** Opening Data for processing block **
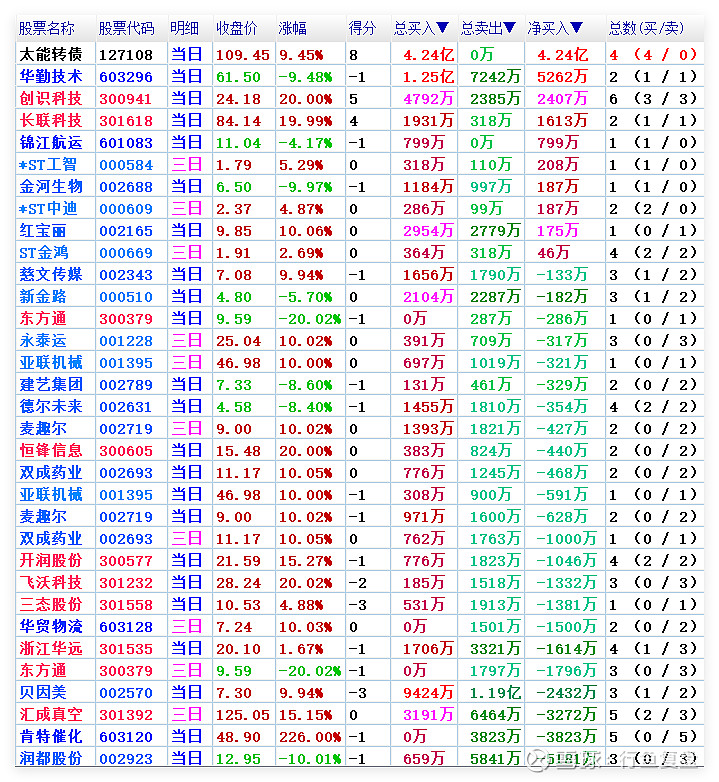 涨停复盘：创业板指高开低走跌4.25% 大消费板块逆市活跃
** Closing Data for processing block **
** Opening Data for processing block **
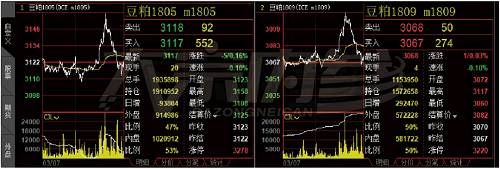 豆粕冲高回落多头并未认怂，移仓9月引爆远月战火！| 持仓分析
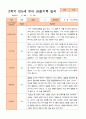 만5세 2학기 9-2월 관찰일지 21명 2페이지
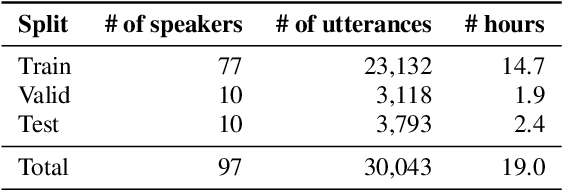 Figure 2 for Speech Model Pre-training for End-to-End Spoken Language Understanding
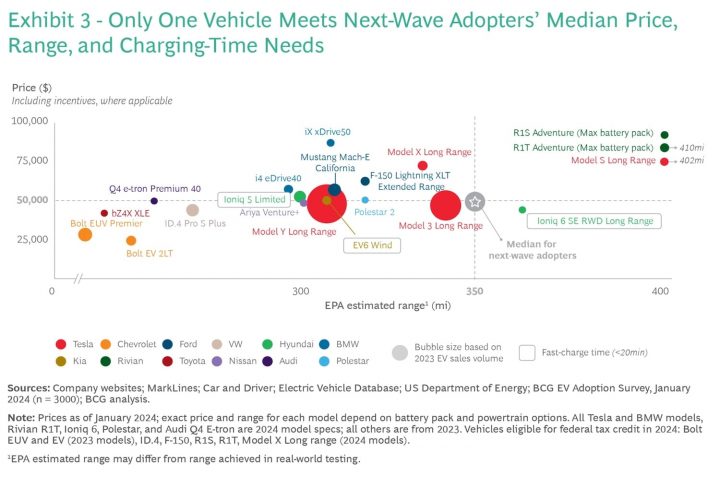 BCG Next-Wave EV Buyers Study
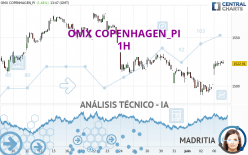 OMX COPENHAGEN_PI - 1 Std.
** Closing Data for processing block **
** Opening Data for processing block **
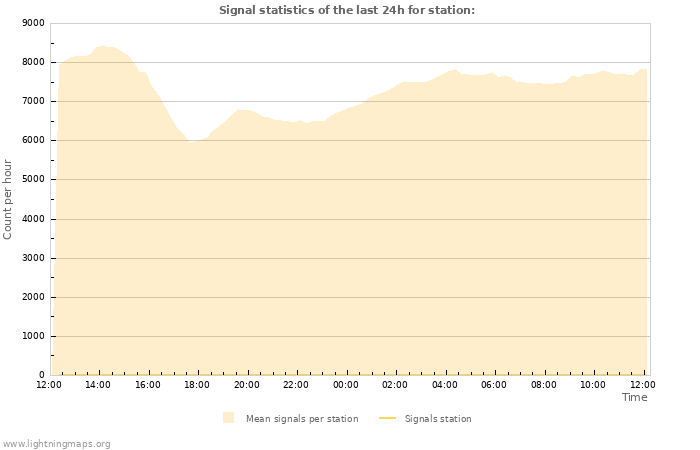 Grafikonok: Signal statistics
** Closing Data for processing block **
- **Work to be completed**
Copy out the lines above from the line containing "만5세 2학기 9-2월 관찰일지 21명 2페이지" through the line containing "OMX COPENHAGEN_PI - 1 Std.", exactly, and keep the pictures out.

- **Exercise result**
 만5세 2학기 9-2월 관찰일지 21명 2페이지
 Figure 2 for Speech Model Pre-training for End-to-End Spoken Language Understanding
 BCG Next-Wave EV Buyers Study
 OMX COPENHAGEN_PI - 1 Std.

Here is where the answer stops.